* _Exercise details_
Set down a faithful copy of every record below, with no images.

* _Supplied material_
==================================================

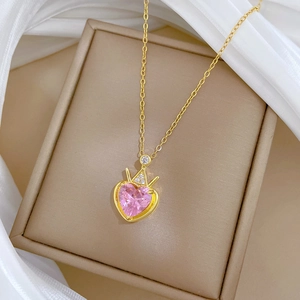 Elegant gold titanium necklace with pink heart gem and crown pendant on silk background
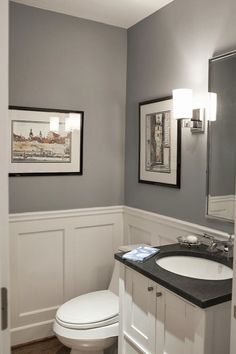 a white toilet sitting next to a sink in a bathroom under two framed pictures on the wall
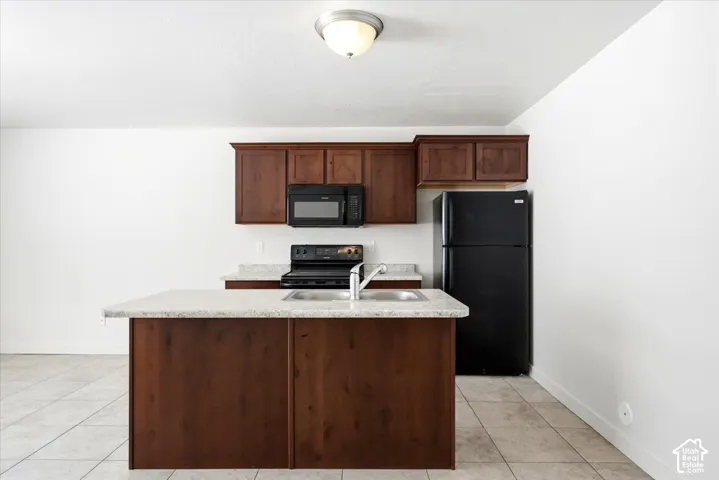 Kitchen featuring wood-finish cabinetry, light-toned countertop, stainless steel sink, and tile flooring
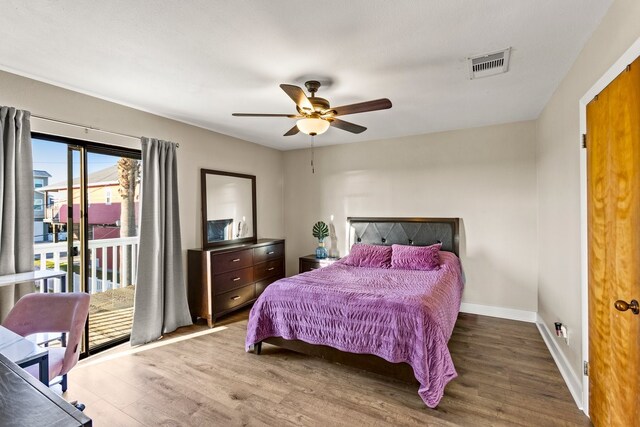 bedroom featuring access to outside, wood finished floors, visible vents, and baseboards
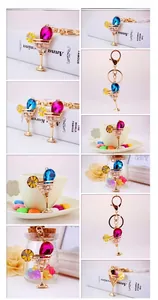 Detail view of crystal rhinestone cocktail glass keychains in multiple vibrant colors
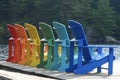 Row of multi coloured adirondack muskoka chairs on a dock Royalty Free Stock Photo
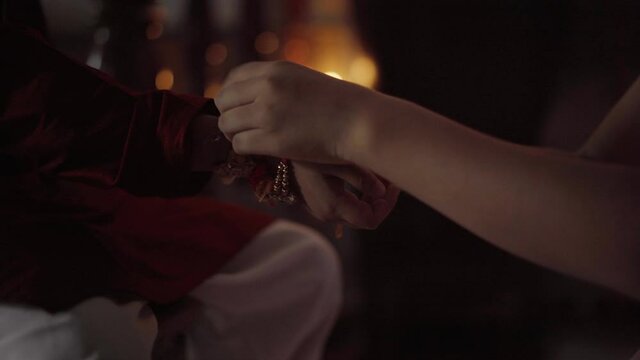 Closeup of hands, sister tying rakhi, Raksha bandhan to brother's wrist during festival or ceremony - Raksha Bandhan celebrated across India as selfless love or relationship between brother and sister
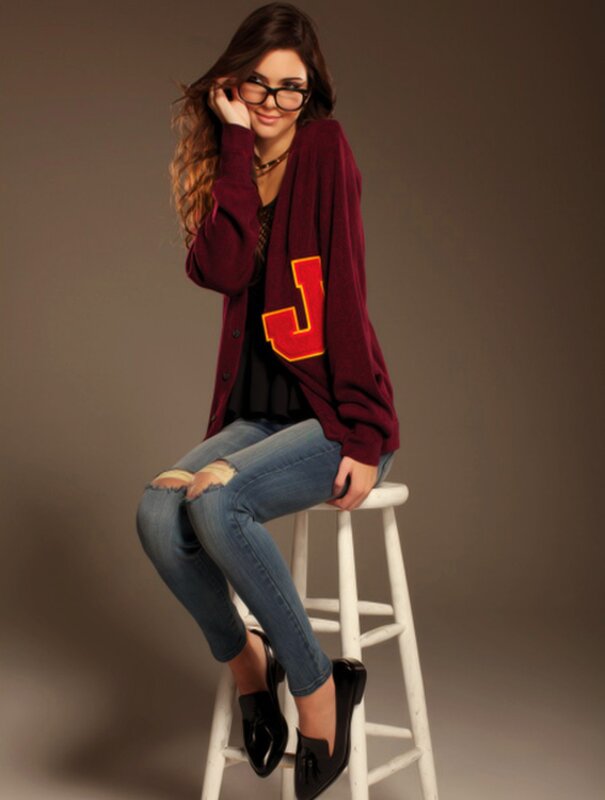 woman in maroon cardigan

==================================================

* _Answer for the task_
 Elegant gold titanium necklace with pink heart gem and crown pendant on silk background
 a white toilet sitting next to a sink in a bathroom under two framed pictures on the wall
 Kitchen featuring wood-finish cabinetry, light-toned countertop, stainless steel sink, and tile flooring
 bedroom featuring access to outside, wood finished floors, visible vents, and baseboards
 Detail view of crystal rhinestone cocktail glass keychains in multiple vibrant colors
 Row of multi coloured adirondack muskoka chairs on a dock Royalty Free Stock Photo
 Closeup of hands, sister tying rakhi, Raksha bandhan to brother's wrist during festival or ceremony - Raksha Bandhan celebrated across India as selfless love or relationship between brother and sister
 woman in maroon cardigan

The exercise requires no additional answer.